• _Aim of the task_:
Every line from the one containing "TEST Think City 2008 elbil – bilde 3" to the end of the records below should be returned exactly; pictures are to be dropped.

• _Input data_:
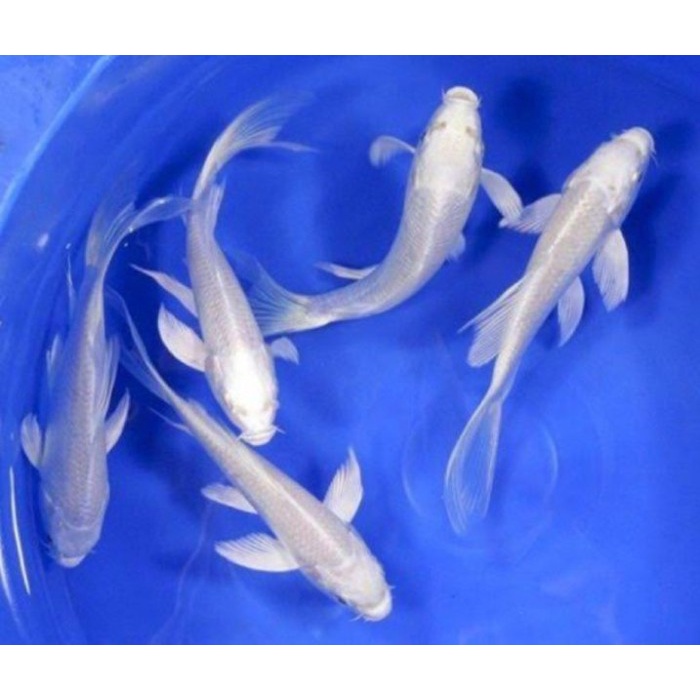 Makanan / Jual Ikan Koi Kumpai Slayer Size 17-20 Cm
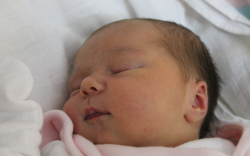 Lakatos-Holler Sára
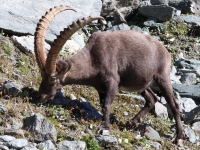 Schweiz Alpenpässeweg Tiere und Pflanzen. %!s(<nil>)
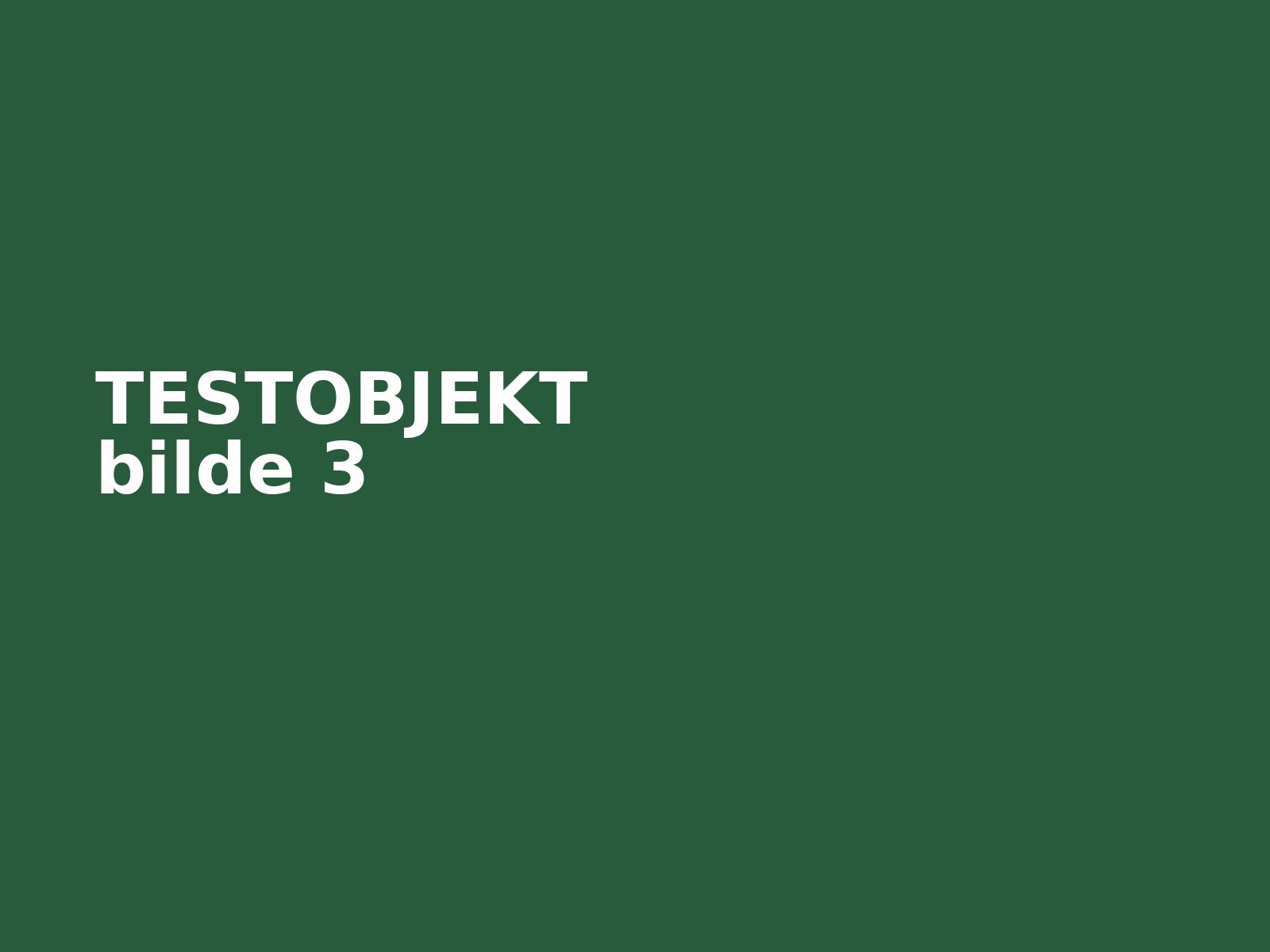 TEST Think City 2008 elbil – bilde 3
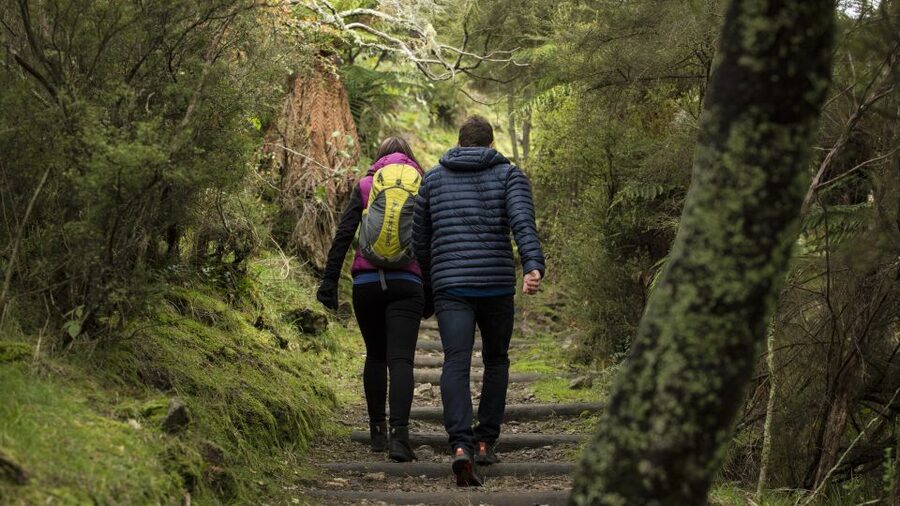 Rotorua: Waimangu Volcanic Valley Ticket & Self-Guided Walk - Lake Rotomahana and the shuttle back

• _Answer space_:
 TEST Think City 2008 elbil – bilde 3
 Rotorua: Waimangu Volcanic Valley Ticket & Self-Guided Walk - Lake Rotomahana and the shuttle back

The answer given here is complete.